Il s’agit du premier manga de Mika à être publié en anglais et, comme plusieurs autres mangas récents repris par des éditeurs américains, Gene Pixiv (Media Factory) (Sasaki et Miyano, (Un homme et son chat, Manly Appetits, Cherry Magic) c’est encore une autre série qui a commencé comme une bande dessinée Web et a attiré l’attention des lecteurs en ligne. L’art de Mika est attrayant, bien que peu distinctif dans la conception des personnages – mais habile lorsqu’il se concentre sur les réactions des personnages et le timing comique des scènes dans lesquelles Kakeru (encore une fois) dit ou fait quelque chose d’immature et le regrette immédiatement. Pourtant, à cause de la façon dont Mika encadre l’histoire (principalement du point de vue de Kakeru jusqu’aux dernières pages), cela n’invite pas tellement le lecteur à rire de Kakeru et de sa tendance à se tirer une balle dans le pied, mais à sympathiser avec son orteil. -embarras curieux. La couverture attrayante mérite une mention spéciale avec son utilisation subtile de la couleur et les quatre plaques de couleur au début (une double page) sont également très agréables à regarder.

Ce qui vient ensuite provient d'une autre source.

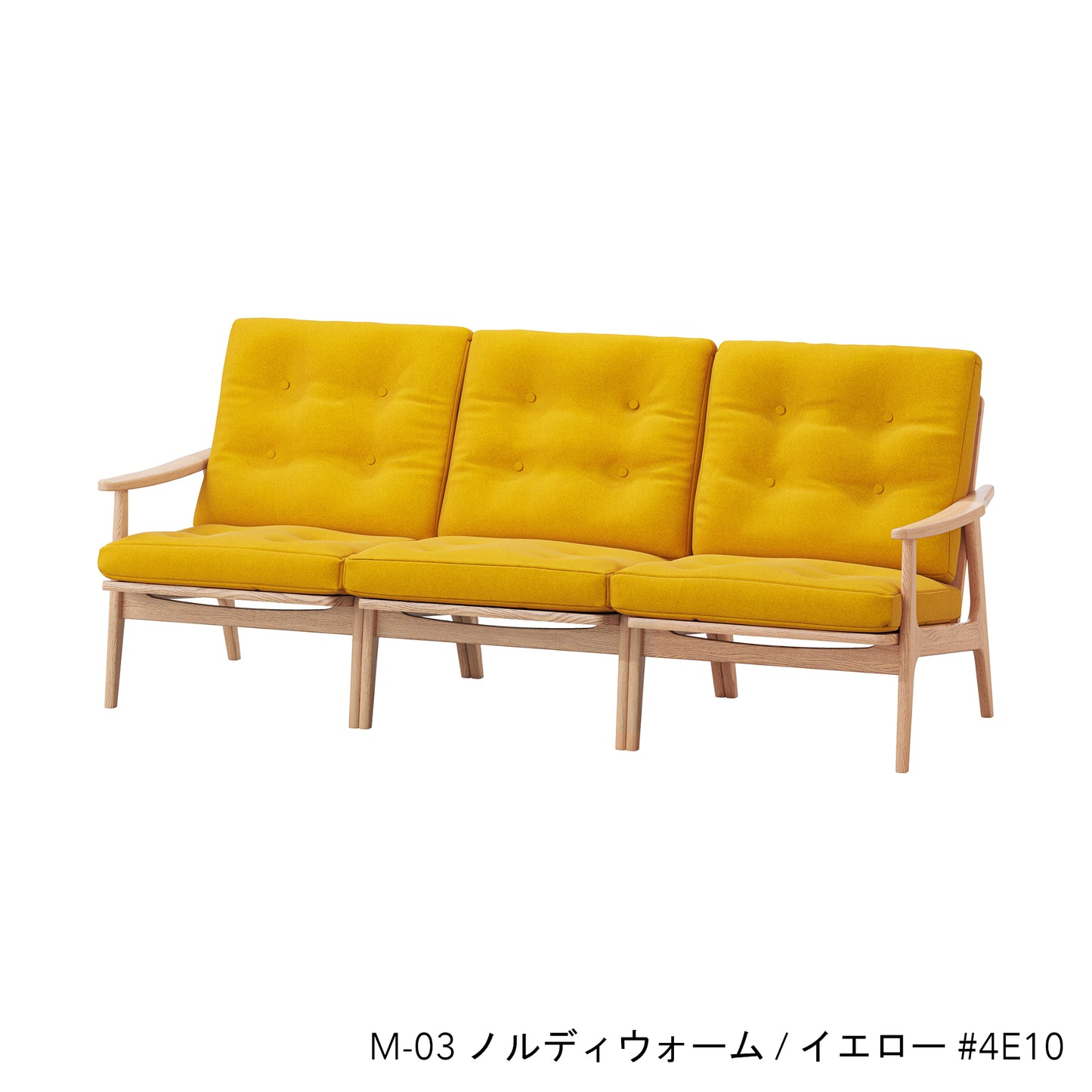 オークフレームチェア | ワイド ハイバック 3シーター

La traduction de Yen Press est de Jan Mitsuko Cash et capture le bavardage facile des deux personnages principaux et de leurs amis, ainsi que leurs voix intérieures plus troublées. Ceci est aidé et renforcé par la variété experte de lettrage employée par Alexis Eckerman, mettant en œuvre de nombreuses techniques différentes pour transmettre un large éventail de sentiments. Il y a aussi deux brèves entrées dans les Notes du traducteur ainsi que l’explication habituelle de «l’utilisation des honorifiques».

Il y a quelques yonkoma à la fin du livre ainsi qu’un petit chapitre supplémentaire: Popsicle et la postface du mangaka qui dit: «Je serais si heureux si nous pouvions nous revoir dans le volume 2.» Heureusement pour nous, Yen Press a prévu de le publier en juin (2021).